To solve the world’s increasingly complex problems, we will need increasingly creative solutions. Because of this, it is imperative that parents and educators alike do everything they can to help develop the next generation of innovators.
One effective way to do this is to help students develop a passion for STEM (science, technology, engineering and mathematics) subjects by showing them how these fields are relevant outside the classroom.
National Inventors Hall of Fame® (NIHF) Inductees Radia Perlman (inventor of Robust Network Routing and Bridging) and Tom Leighton (founder of Akamai Technologies) agree, and both are advocates of early STEM education to help move the world forward.
Innovation Through STEM Education
In a recent article published by Akamai Technologies, Leighton writes about when he was in high school and had the privilege of attending a talk by NIHF Inductee Glenn Seaborg, a leading authority on nuclear energy and recipient of the Nobel Prize in Chemistry. “He said that you never know what’s going to happen in your life, the many twists and turns it will take, and the challenges and opportunities you will encounter along the way,” Leighton recalls. “The key is to keep your eyes open, your ears open, and your brain turned on. If you do that you’ll be in a position to capitalize on the opportunities, and to solve the hardest challenges.”
Perlman shares Leighton’s passion for STEM education. Beyond having taught at the University of Washington, Harvard University and the Massachusetts Institute of Technology (MIT), she believes in the importance of helping students develop an interest in these subjects at an early age.
During a recent keynote address at STEM Learning Ecosystems’ “2020 Spring Community of Practice Convening” in San Antonio, Texas, she reiterated the importance of attracting many different types of people to STEM fields and explored how preconceived notions about these careers can deter people from pursuing them.
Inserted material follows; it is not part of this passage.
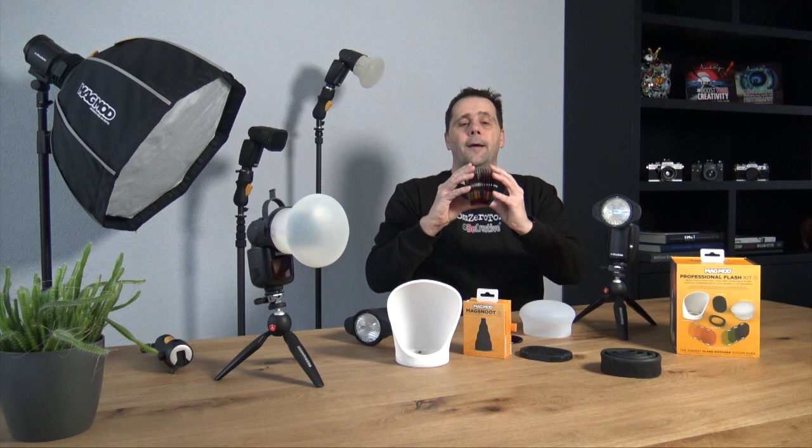Awesome photography made easy by MagMod. Introducing the brand new MagMod 2 modifier system: the new MagSphere, the new MagBounce, the new MagShoot, the new MagGrid, and the new MagGels in all colors.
“They have this image of what an engineer is and they say, ‘well, that’s not me,’” Perlman said. She went on to encourage those in attendance to help students accept that the most innovative ideas often require different perspectives. “What we need in terms of diversity is not necessarily different body shapes and skin colors, but instead people who have different skills – people who can make things beautiful or simple.”
Like Perlman and Leighton, at NIHF we also believe in the importance of STEM education in inspiring the next generation of innovators. Directly influenced by stories and lessons from our world-changing Inductees, all our back-to-school solutions make STEM subjects both accessible and engaging for students, no matter how the school year takes shape.